¿Puede el efecto placebo curar el dolor de cabeza?

Marta Valle

Según los neurólogos, los tratamientos no farmacológicos para combatir los dolores de cabeza -lo que comúnmente conocemos como efecto placebo- pueden llegar a tener un índice de éxito en torno a un 30% de los casos, siempre que se sigan durante un mínimo de tres meses. Aunque pueda resultar sencillo pensarlo, debido a la popularidad que parece tener en nuestro días, la homeopatía no es el único remedio de este estilo que puede emplearse como vía de paliación de migrañas o cefaleas, sino que también debemos tener en cuenta factores como la dieta, las técnicas de relajación, la actividad deportiva o la capacidad de recuperación del organismo.

¿Puede el efecto placebo curar los dolores de cabeza?

Podríamos extender el conocido efecto placebo a todas aquellas técnicas que sin tener fundamento científico dan la impresión a las pacientes de dolencias como migrañas o jaquecas de ser curadas de sus respectivas afecciones. Sin embargo, los estudios médicos al respecto determinan que, en ningún caso, estos métodos pueden curar realmente una enfermedad aunque sí puedan dar una ligera sensación de mejoría a nivel anímico o proporcionar una cierta recuperación física en los casos más leves. Es decir, en términos estrictos, todos aquellos dolores de cabeza que creamos recuperados mediante técnicas alternativas a la medicina tradicional, habrían desaparecido por sí solos con el mero transcurso del tiempo.

Como métodos que actúan a modo de efecto placebo sobre las dolencias en la cabeza, podemos incluir todas aquellas terapias relacionadas con el trabajo del cuerpo, la medicina oriental o el trabajo mental. Uno de los campos más conocidos en este sentido es el de la acupuntura, técnica que, aunque cuenta con algunos partidarios para el tratamiento de las cefaleas, acumula numerosos estudios que desechan su validez para pacientes de este tipo.

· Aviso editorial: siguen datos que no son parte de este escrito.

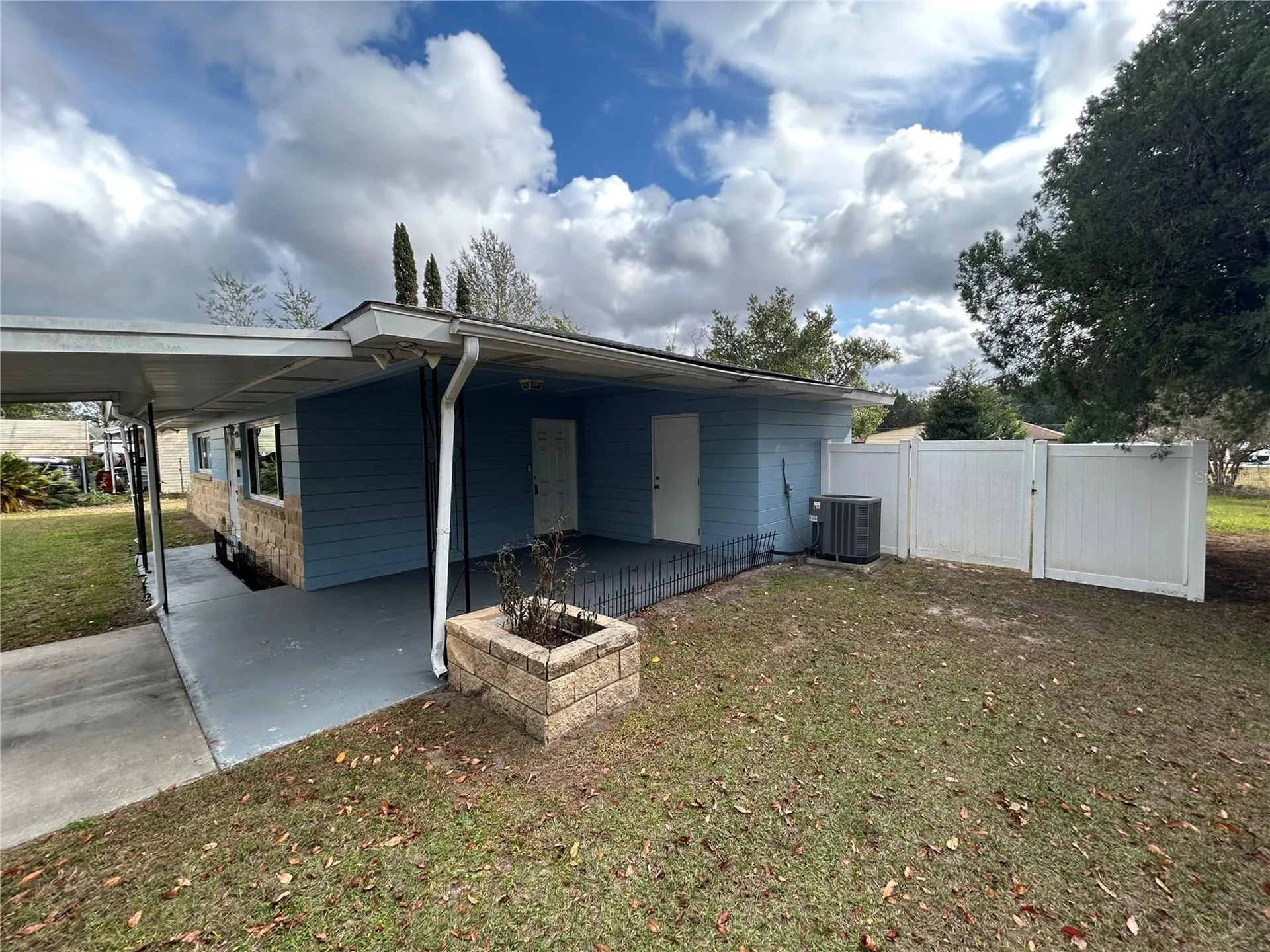 21570 SW Raintree Streets Dunnellon FL 34431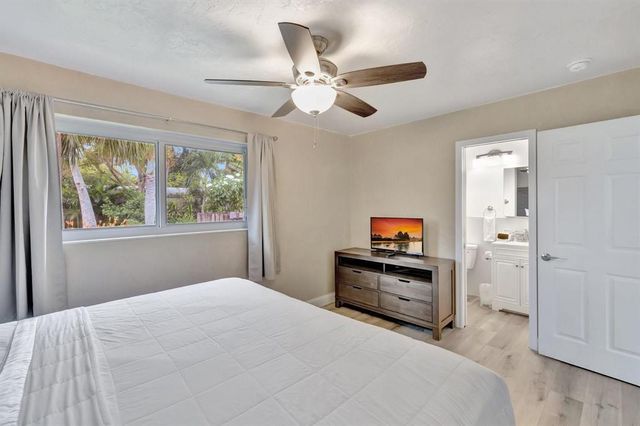 925 NE 25th Avenue, Pompano Beach, FL 33062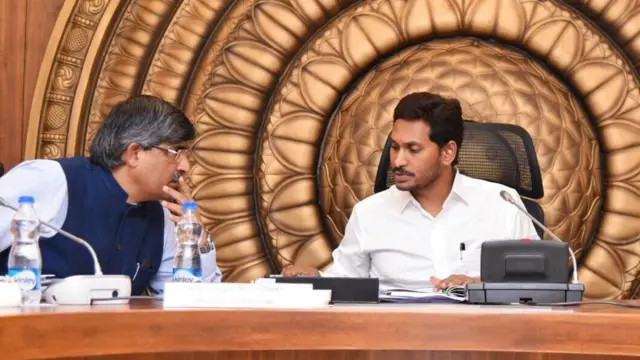 వైఎస్ జగన్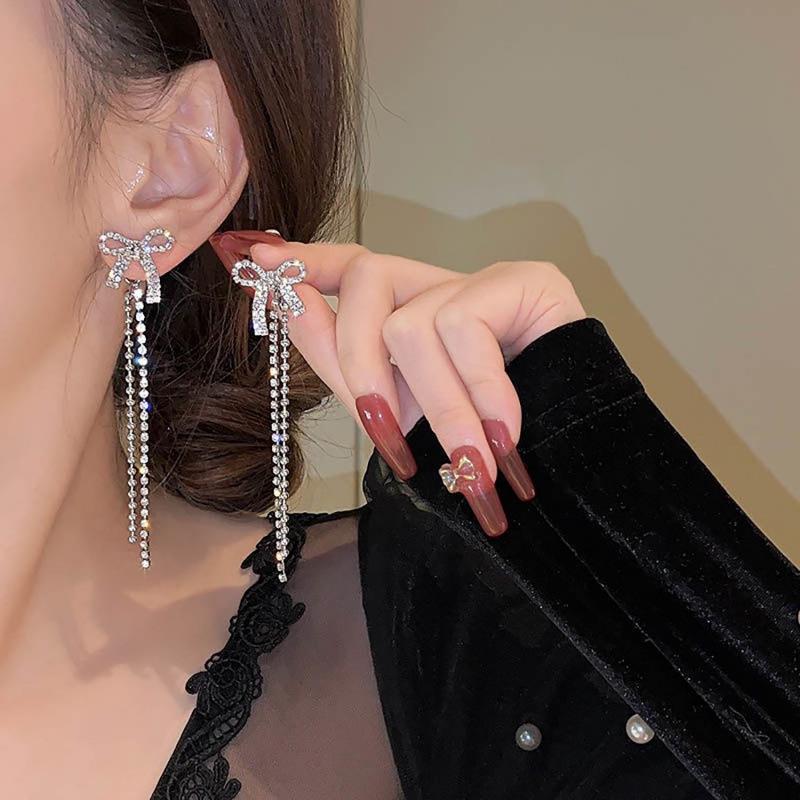 

Elegant Korean Niche Fashion Tassel Bow Stud Earrings for Women серебряный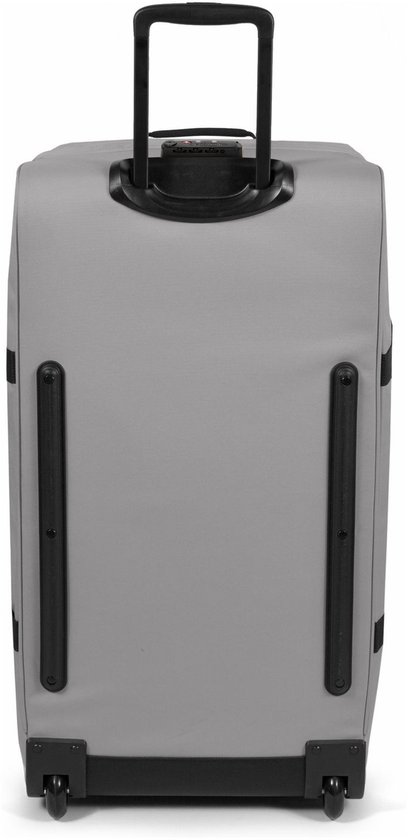 Achterkant van een grijze Eastpak koffer met zwarte wielen en beschermstrips.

Las terapias dietéticas también pueden inducir un efecto placebo sobre el organismo en caso de padecimiento de un dolor de cabeza. Los expertos afirman que la relación entre la alimentación y las migrañas está muy sobrestimada ya que, según los estudios, son muy pocos los casos en los que la ingesta de comidas pueda desencadenar una dolencia como la descrita.